What needs to be done: Return the data below unchanged, without images.
****************************************
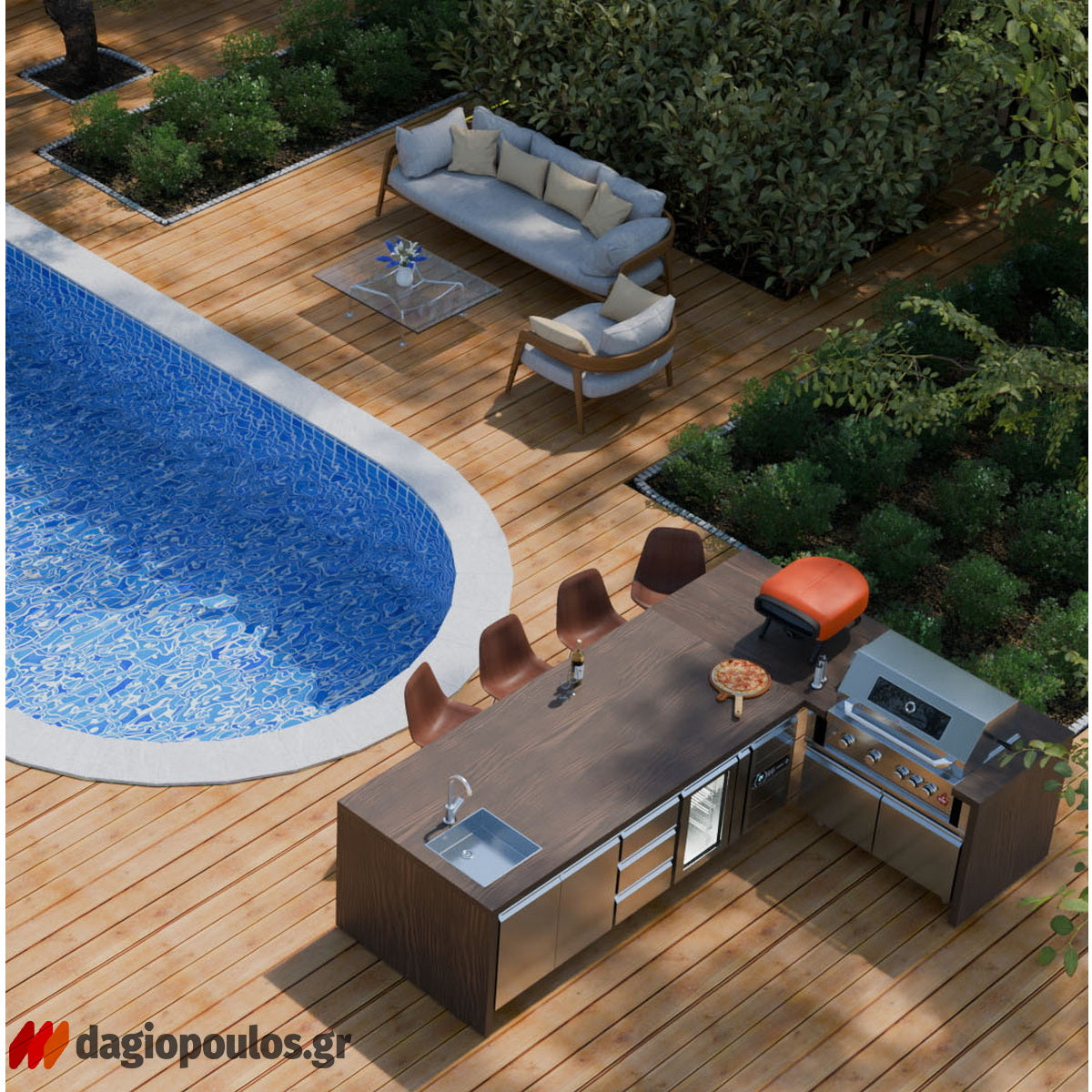 Thermogatz SEMI-PROF TGH-BI-B4-G BBQ Ψησταριά Υγραερίου 4+1 Εστιών 19.3kW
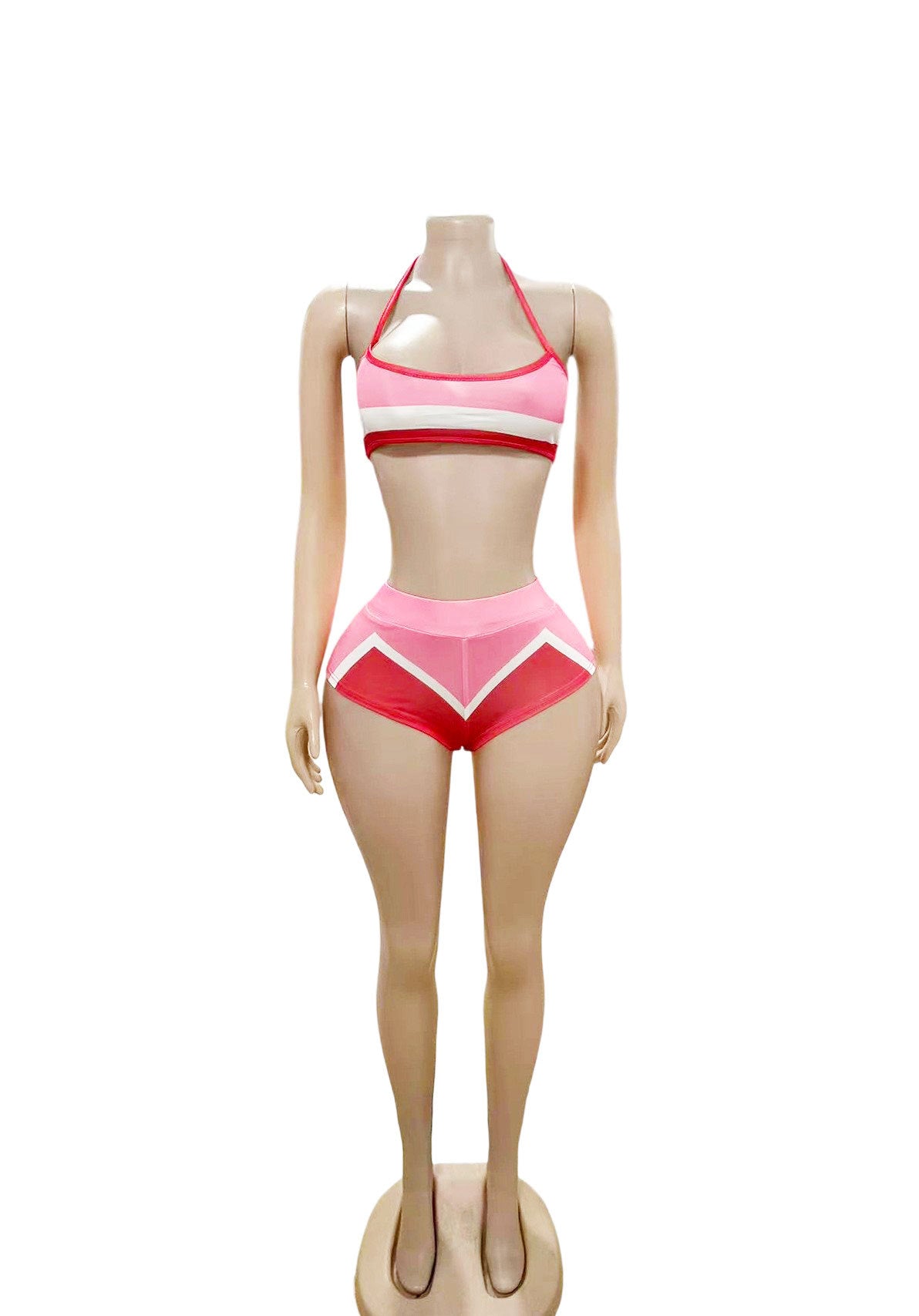 Y2K Color Block Zip Crop Jacket Bikini Short 3 Piece Set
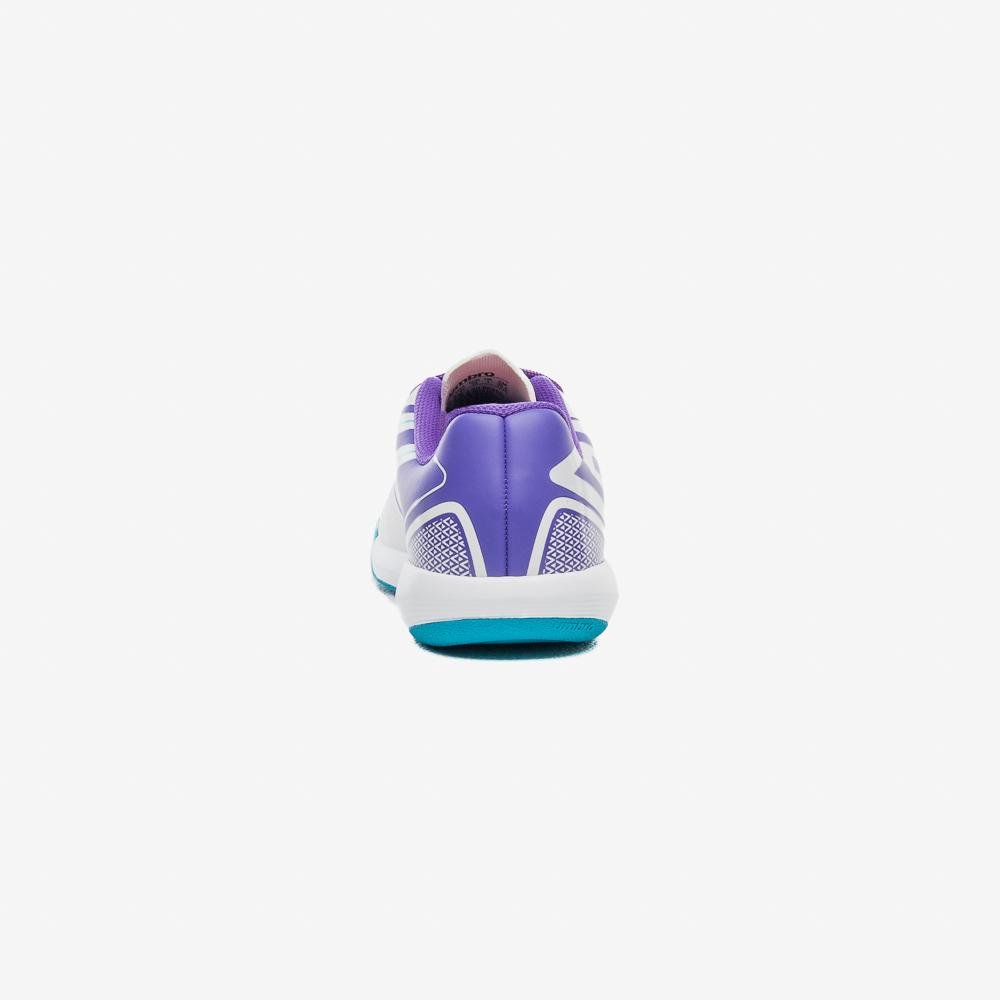 Chuteira Futsal Umbro Pro 5 Jr Branco/Roxo/Azul 6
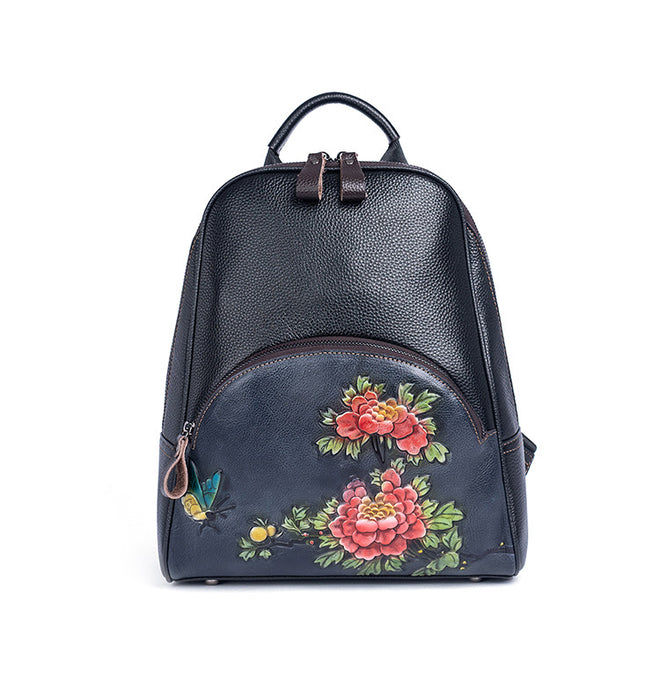 Butterfly Dahlia Genuine Leather Backpack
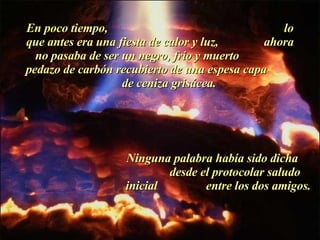 En poco tiempo,  lo que antes era una fiesta de calor y luz,  ahora no pasaba de ser un negro, frío y muerto  pedazo de carbón recubierto de una espesa capa  de ceniza grisácea. Ninguna palabra había sido dicha  desde el protocolar saludo inicial  entre los dos amigos. . 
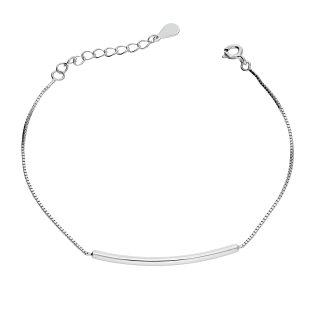 Bransoleta srebrna rurka wygięta blask/kostka AT575 próba 925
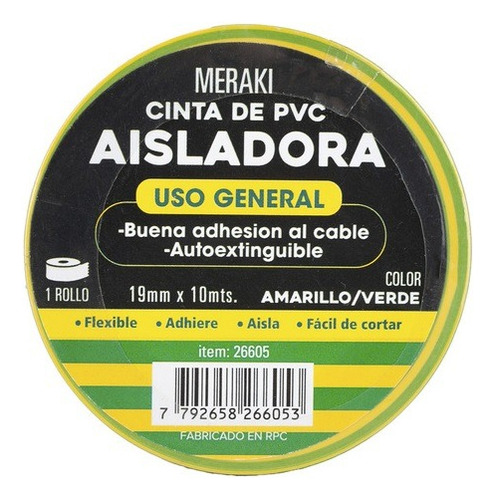 Cinta Aisladora Pvc Autoextinguible 19mm X 10mts Meraki Color Verde Y Amarillo Rayado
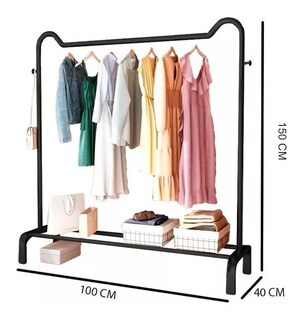 Foto 3 | Foto 3 | Practiksa Perchero Rack Metálico Reforzado Con Zapatera Para Ropa 100 Cm Color Negro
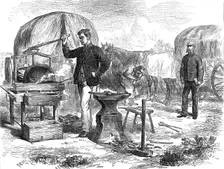 The Autumn Campaign: the forge, Army Service Corps., 1872. Creator: Unknown
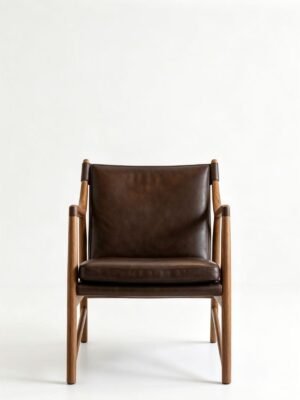 Mid-Century Solid Wood Dark Brown Leather Sling Armchair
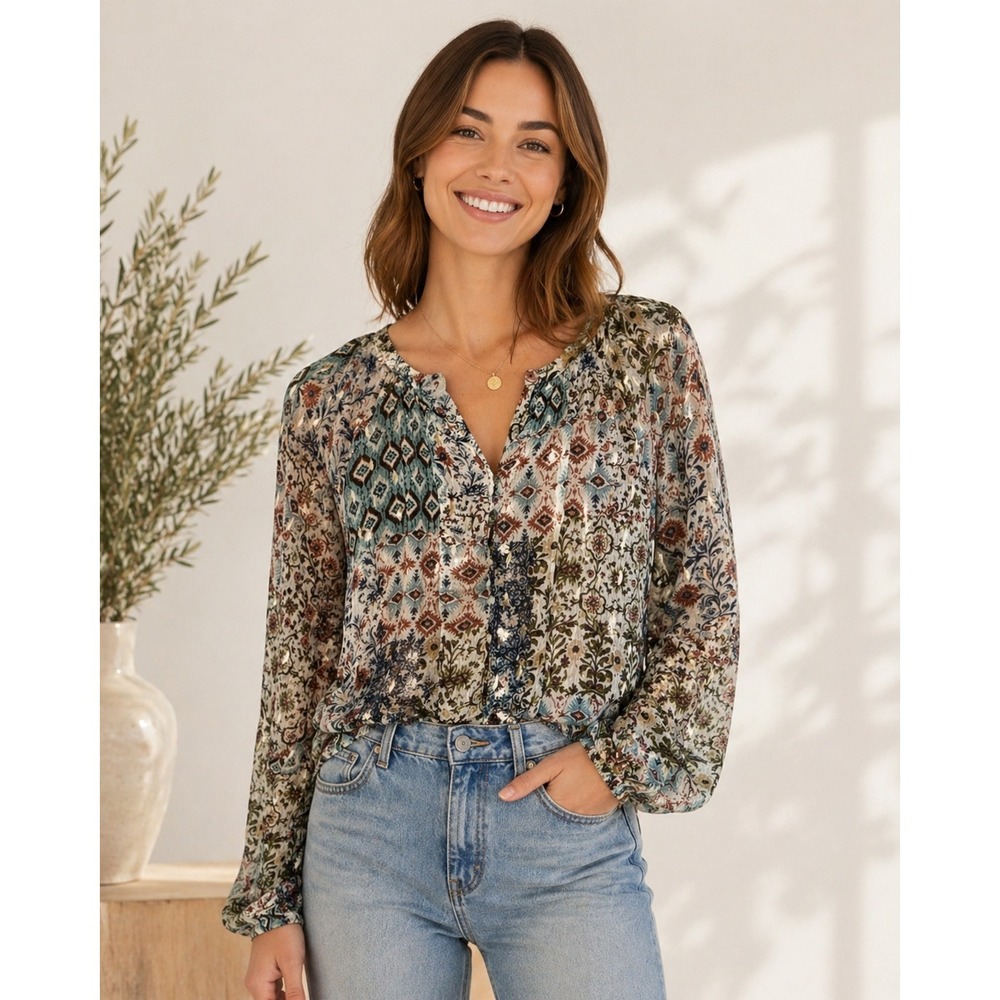 Haver + Blair London Boho Patchwork Metallic Shimmer Blouse Multi Color Medium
****************************************
Response to this exercise:
 Thermogatz SEMI-PROF TGH-BI-B4-G BBQ Ψησταριά Υγραερίου 4+1 Εστιών 19.3kW
 Y2K Color Block Zip Crop Jacket Bikini Short 3 Piece Set
 Chuteira Futsal Umbro Pro 5 Jr Branco/Roxo/Azul 6
 Butterfly Dahlia Genuine Leather Backpack
 En poco tiempo,  lo que antes era una fiesta de calor y luz,  ahora no pasaba de ser un negro, frío y muerto  pedazo de carbón recubierto de una espesa capa  de ceniza grisácea. Ninguna palabra había sido dicha  desde el protocolar saludo inicial  entre los dos amigos. . 
 Bransoleta srebrna rurka wygięta blask/kostka AT575 próba 925
 Cinta Aisladora Pvc Autoextinguible 19mm X 10mts Meraki Color Verde Y Amarillo Rayado
 Foto 3 | Foto 3 | Practiksa Perchero Rack Metálico Reforzado Con Zapatera Para Ropa 100 Cm Color Negro
 The Autumn Campaign: the forge, Army Service Corps., 1872. Creator: Unknown
 Mid-Century Solid Wood Dark Brown Leather Sling Armchair
 Haver + Blair London Boho Patchwork Metallic Shimmer Blouse Multi Color Medium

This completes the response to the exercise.